July 19th, 2006 4:40 PM

Hugh Miles, author of "Al Jazeera: The Inside Story of the Arab News Channel that Is Challenging the West," offers wishful thinking in Foreign Policy magazine. Now that there will be an English version of the Arab channel, Al Jazeera International, he says that the new network "might just become your network of choice."

The number one criticism of Al Jazeera by the West is that it is too close to terrorists, and is used as a terrorist mouthpiece to enable the dissemination of the Jihad message. Miles says this is merely because Al Jazeera has its own version of Fox News' "fair and balanced": "The opinion and the other opinion." I assume it sounds catchier in Arabic.

Just as it describes in its motto, “The opinion and the other opinion,” Al Jazeera has lent airtime even to hated political figures and extremists, including prominent members of al Qaeda. It’s this willingness to present terrorists as legitimate political commentators that has prompted outspoken critics such as U.S. Defense Secretary Donald Rumsfeld to refer to Al Jazeera’s coverage of the U.S.-led wars in Afghanistan and Iraq as “inaccurate and inexcusable.”

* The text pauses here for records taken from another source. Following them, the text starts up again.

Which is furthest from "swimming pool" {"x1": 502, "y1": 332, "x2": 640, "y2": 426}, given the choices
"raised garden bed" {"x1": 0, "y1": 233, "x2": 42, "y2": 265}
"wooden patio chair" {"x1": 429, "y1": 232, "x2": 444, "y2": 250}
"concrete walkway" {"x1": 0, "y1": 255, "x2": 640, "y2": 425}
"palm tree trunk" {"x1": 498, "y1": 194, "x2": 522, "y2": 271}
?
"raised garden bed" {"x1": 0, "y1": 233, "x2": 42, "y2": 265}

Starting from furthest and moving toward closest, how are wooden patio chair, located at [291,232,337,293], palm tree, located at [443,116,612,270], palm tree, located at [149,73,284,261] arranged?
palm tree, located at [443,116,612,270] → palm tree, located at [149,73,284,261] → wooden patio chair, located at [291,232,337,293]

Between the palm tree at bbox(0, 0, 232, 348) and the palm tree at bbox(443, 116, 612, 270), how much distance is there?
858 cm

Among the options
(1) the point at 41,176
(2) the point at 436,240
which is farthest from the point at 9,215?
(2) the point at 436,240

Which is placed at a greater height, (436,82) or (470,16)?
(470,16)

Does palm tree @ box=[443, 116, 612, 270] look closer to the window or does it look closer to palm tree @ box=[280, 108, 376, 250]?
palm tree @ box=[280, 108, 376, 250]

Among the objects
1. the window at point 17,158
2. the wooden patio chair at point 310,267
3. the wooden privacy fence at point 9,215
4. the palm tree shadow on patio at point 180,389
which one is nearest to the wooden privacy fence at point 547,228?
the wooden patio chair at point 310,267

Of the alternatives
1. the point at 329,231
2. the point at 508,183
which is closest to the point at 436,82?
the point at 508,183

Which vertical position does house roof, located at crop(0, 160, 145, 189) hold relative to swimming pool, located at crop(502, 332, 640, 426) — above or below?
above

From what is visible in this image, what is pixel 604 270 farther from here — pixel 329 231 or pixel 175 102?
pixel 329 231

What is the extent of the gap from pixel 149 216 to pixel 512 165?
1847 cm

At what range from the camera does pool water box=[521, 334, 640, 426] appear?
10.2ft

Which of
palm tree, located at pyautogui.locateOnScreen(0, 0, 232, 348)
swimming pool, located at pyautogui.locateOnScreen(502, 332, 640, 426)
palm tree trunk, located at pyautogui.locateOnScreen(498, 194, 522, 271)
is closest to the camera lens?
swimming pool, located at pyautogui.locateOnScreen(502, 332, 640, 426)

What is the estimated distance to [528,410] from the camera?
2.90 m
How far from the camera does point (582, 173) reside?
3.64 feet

After all, when Al Jazeera offers its estimated 50 million viewers exclusive interviews of Osama bin Laden, it’s easy to confuse access with endorsement. And when a journalist who conducts those interviews is jailed for collaboration with al Qaeda, as Tayssir Alouni was in a Spanish court last year, the line between impartial observer and impassioned supporter is certainly blurred.

The bar is set low for what it means to support terrorists:

But the network has never supported violence against the United States. Not once have its correspondents praised attacks on coalition forces in Iraq.

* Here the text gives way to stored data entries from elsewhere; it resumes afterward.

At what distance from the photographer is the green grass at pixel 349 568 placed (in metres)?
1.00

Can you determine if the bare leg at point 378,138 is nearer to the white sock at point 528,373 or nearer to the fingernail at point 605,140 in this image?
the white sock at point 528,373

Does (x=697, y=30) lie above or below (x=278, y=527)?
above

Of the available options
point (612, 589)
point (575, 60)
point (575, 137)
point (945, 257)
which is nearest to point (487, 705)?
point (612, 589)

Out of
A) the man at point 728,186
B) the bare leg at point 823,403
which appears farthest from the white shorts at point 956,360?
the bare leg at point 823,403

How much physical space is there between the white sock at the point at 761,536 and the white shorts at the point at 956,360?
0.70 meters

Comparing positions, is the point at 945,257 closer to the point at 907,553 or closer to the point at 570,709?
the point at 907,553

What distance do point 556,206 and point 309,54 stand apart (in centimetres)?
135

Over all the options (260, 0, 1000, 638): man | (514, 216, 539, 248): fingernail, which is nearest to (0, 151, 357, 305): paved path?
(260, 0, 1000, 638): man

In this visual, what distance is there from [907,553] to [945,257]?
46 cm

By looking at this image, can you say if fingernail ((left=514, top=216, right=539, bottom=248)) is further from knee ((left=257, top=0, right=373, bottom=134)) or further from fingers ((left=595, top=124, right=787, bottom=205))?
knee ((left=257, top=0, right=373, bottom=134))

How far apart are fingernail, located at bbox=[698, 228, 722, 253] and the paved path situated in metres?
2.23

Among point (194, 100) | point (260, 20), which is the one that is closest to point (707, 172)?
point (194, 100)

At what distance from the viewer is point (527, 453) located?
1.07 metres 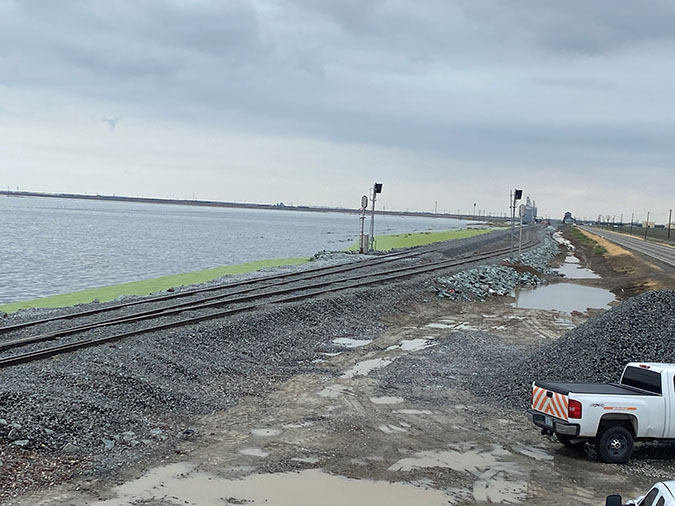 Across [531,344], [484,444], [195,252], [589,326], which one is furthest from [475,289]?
[195,252]

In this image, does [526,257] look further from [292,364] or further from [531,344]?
[292,364]

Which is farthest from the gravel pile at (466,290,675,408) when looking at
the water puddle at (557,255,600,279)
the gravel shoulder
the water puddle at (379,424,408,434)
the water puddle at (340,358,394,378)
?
the water puddle at (557,255,600,279)

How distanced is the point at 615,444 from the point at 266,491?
17.5ft

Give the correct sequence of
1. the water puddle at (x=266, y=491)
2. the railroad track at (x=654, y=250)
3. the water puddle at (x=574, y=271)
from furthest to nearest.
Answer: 1. the railroad track at (x=654, y=250)
2. the water puddle at (x=574, y=271)
3. the water puddle at (x=266, y=491)

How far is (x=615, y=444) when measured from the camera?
10398 millimetres

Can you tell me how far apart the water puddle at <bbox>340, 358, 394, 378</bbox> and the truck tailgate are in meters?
5.39

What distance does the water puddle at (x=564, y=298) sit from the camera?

Gee, thanks. Now I want this channel in my home.

As for bias, Miles insists it's no worse than Fox News or CNN.

“Al Jazeera Is Biased”

True, but no more so than Fox News or CNN. Al Jazeera employs the same stringent editorial processes as the Western media, but it ends up with a different product. During the war in Iraq, Al Jazeera’s tone was notably sympathetic to the Iraqis and hostile toward the Americans. Similarly in Afghanistan, the Taliban was often presented as the noble underdog and America as the vengeful, colonial aggressor. A general cynicism about Arab regimes allied to America is detectable, and though Al Jazeera has employees from many religions, including Jews, the network is clearly sympathetic toward the Palestinians.

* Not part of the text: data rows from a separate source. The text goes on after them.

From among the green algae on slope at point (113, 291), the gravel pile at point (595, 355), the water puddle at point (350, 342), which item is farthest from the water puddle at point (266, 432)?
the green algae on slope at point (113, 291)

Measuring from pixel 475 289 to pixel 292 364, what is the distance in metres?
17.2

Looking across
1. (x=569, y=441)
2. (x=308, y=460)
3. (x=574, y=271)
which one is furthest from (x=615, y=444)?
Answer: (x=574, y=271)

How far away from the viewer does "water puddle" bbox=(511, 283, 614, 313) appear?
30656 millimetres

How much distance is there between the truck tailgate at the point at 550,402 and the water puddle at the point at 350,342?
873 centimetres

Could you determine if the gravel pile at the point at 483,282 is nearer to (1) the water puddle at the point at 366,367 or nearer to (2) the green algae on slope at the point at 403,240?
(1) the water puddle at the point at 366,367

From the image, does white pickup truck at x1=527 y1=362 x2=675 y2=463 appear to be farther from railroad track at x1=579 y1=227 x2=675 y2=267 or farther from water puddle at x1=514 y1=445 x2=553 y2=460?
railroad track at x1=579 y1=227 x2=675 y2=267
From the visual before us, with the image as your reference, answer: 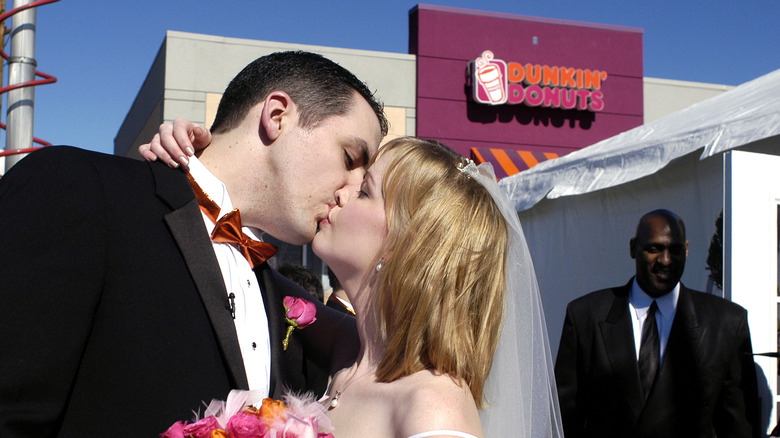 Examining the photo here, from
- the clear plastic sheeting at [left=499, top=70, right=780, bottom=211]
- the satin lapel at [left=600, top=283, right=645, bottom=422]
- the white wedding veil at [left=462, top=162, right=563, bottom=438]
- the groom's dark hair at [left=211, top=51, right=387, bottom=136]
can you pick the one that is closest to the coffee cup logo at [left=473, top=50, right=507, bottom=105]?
the clear plastic sheeting at [left=499, top=70, right=780, bottom=211]

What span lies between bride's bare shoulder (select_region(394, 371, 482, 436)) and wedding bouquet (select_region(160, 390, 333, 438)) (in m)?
0.21

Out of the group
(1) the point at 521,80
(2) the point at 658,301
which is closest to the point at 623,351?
(2) the point at 658,301

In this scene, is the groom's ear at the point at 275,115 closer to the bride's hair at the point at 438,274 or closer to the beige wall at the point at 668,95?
the bride's hair at the point at 438,274

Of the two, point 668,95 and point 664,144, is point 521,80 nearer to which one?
point 668,95

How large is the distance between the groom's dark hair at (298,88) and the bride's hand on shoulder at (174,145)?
0.73ft

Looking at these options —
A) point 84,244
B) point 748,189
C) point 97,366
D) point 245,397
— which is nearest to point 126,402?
point 97,366

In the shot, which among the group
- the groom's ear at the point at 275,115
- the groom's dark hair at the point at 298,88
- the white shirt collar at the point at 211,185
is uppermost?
the groom's dark hair at the point at 298,88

This bias in no way invalidates the network’s news. Knowing it is scrutinized more rigorously than any other news channel in the world, Al Jazeera is fastidious in presenting all sides of a story. Certainly compared to most other Arab news stations, Al Jazeera remains a model of professionalism and objectivity. Journalists around the world treat Al Jazeera with the same respect they treat news from any other major international news network. Al Jazeera has sharing agreements with CNN, ABC, NBC, FOX, BBC, Japan’s NHK, and Germany’s ZDF, all of which regularly use Al Jazeera’s footage and reports.

Although America is supposed to be the "world’s freest media market," it is having trouble finding any carriers in the U.S. Which cable company wants to face the wrath of the entire conservative movement?

Of course, it won’t be so easy to break into America. Even securing distribution for AJI has been tough: As of press time, not one U.S. cable company had offered to carry the channel as part of a general news package. Ironically, it is the world’s freest media market that poses the biggest challenge to Al Jazeera.

Why should we watch Al Jazeera? Miles says it's because Western media outlets are nothing but an echo chamber. Not an echo chamber for the terrorist message, naturally, but an echo chamber of the Western perspective.

None of which changes the fact that Al Jazeera has permanently reshaped the landscape of world news to and, soon, from the Arab world. In a region where the United States is engaged in a protracted war in one country and the West as a whole faces a nuclear impasse in another, it hardly makes sense to simply turn the dial—and remain confined to an echo chamber of recycled opinion. If Al Jazeera International hits the airwaves this fall, America would do well to tune in.

One can imagine an American living room: "Okay, kids, gather around. Osama bin Laden's address is about to begin."